Defne Karabatur, Los Angeles Times on

Published in News & Features

It was a midsummer day in 2021 when Engilbert Ulan met with a newlywed couple in Los Angeles to help them prepare for questions they expected to face from United States Citizenship and Immigration Services.

The husband, a 53-year-old foreign national, had begun the process of applying for a green card and needed to pass an interview scheduled for a few days later. He and his wife, a U.S. citizen, would have to prove their marriage was legitimate.

Ulan moved them through the list of 211 possible questions that his boss, Marcialito "Mars" Biol Benitez, had provided.

"What is the color of your spouse's toothbrush?" Ulan asked. "Who sleeps on the right side of the bed?"

But according to federal prosecutors, Ulan knew the couple's marriage was bogus. By then, authorities say, he had already met with hundreds of Benitez's clients, who were recruited by brokers in a prolific marriage fraud scheme. The clients, many of whom were Brazilian nationals, paid up to $30,000 in cash for Benitez's services.

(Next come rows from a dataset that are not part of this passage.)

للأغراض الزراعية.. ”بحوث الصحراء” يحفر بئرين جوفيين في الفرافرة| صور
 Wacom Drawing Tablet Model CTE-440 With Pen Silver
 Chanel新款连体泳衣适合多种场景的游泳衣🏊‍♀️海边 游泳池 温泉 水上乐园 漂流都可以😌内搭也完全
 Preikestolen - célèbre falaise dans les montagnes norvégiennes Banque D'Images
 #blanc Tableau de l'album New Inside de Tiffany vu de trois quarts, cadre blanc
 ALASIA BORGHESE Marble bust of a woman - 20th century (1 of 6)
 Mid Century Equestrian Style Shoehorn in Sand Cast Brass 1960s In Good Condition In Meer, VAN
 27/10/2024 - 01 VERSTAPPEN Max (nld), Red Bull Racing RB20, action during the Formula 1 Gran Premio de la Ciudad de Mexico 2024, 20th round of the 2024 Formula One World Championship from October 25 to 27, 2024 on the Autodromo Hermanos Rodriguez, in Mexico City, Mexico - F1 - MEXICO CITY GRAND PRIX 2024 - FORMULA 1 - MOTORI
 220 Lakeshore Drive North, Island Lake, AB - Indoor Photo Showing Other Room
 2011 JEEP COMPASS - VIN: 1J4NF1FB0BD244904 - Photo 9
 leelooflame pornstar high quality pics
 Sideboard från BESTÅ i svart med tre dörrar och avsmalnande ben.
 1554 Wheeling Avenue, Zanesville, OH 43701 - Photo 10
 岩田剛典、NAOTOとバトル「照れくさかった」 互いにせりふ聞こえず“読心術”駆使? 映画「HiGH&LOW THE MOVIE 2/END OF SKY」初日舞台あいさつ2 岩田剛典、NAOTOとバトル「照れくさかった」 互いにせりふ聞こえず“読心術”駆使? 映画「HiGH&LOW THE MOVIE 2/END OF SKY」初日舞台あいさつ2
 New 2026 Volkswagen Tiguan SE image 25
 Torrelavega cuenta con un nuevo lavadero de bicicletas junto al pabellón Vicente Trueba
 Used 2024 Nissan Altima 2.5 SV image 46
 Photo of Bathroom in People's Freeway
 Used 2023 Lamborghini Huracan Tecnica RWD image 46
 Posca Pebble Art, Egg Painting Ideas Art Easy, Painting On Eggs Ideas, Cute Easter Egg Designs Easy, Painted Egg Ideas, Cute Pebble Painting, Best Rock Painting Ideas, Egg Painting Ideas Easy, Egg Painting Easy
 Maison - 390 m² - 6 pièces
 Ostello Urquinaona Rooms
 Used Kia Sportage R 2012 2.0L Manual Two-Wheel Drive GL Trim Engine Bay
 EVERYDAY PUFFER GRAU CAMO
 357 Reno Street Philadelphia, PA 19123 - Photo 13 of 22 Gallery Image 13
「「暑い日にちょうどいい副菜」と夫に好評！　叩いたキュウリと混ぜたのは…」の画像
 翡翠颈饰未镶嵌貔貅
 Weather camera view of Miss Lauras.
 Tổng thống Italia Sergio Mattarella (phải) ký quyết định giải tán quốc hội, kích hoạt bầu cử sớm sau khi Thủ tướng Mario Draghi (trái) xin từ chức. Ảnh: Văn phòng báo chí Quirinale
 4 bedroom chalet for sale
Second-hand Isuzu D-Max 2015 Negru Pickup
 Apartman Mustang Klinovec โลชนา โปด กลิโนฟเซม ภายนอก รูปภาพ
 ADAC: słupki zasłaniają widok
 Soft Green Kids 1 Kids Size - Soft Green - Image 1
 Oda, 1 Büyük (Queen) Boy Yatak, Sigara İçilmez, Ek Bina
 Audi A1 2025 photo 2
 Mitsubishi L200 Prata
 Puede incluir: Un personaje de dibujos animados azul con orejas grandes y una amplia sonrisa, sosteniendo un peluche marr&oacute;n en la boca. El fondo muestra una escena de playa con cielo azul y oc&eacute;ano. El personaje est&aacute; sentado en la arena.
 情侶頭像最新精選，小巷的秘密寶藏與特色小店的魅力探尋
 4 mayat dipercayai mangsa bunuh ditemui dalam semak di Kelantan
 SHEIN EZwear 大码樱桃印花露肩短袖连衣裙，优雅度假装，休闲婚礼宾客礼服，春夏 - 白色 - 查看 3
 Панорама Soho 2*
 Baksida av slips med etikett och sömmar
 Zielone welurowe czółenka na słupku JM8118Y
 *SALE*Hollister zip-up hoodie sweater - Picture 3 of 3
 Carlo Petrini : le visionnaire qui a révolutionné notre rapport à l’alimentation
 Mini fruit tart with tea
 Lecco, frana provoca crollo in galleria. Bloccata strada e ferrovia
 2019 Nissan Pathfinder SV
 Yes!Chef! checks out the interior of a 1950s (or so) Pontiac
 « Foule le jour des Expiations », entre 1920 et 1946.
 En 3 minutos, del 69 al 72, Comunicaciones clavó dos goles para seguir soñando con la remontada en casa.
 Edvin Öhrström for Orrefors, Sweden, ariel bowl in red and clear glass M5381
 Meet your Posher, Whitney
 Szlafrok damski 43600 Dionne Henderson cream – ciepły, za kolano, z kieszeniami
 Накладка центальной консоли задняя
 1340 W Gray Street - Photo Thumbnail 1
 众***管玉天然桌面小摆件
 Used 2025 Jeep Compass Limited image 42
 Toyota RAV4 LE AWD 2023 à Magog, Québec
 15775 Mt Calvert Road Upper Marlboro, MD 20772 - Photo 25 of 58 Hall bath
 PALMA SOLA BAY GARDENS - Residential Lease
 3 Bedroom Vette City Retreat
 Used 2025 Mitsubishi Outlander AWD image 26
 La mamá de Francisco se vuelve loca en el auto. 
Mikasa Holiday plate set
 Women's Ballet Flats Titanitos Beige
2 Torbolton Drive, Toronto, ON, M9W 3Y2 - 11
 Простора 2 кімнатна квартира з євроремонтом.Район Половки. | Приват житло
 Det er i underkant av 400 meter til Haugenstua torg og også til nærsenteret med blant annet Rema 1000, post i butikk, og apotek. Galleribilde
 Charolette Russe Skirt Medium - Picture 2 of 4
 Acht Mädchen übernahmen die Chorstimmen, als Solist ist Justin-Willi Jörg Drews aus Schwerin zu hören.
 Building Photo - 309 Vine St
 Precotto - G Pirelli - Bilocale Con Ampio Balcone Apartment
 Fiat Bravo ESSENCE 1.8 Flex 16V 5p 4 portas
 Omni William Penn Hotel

Ulan, 42, was convicted last week by a federal jury in Boston of conspiracy to commit marriage fraud and immigration document fraud. He now faces up to five years in prison and a $250,000 fine. The 49-year-old Benitez, who pleaded guilty in August to orchestrating the marriage fraud enterprise, testified against his former employee and could ultimately receive a shorter sentence than Ulan.


Ulan's attorney, Joseph Simons, called Benitez "the architect of the arranged marriage business," and said his client, a Philippine national who resided in Pasadena, only played a small part in the operation.

"The evidence as I saw it painted Mr. Ulan as a hardworking man who came to the United States looking for a better life, and who took the opportunity to help support his family back in the Philippines," Simons said. "Unfortunately for Mr. Ulan, he trusted his then-boss, and perhaps unwittingly ended up taking a minor role in his fraudulent immigration scheme."

Ulan was the 10th person to be convicted in the case, with nine other co-defendants pleading guilty. His sentencing is scheduled for March.

Jodi Cohen, special agent in charge of the FBI's Boston division, said in a statement that Ulan's conviction should "serve as a warning" to others who commit marriage fraud.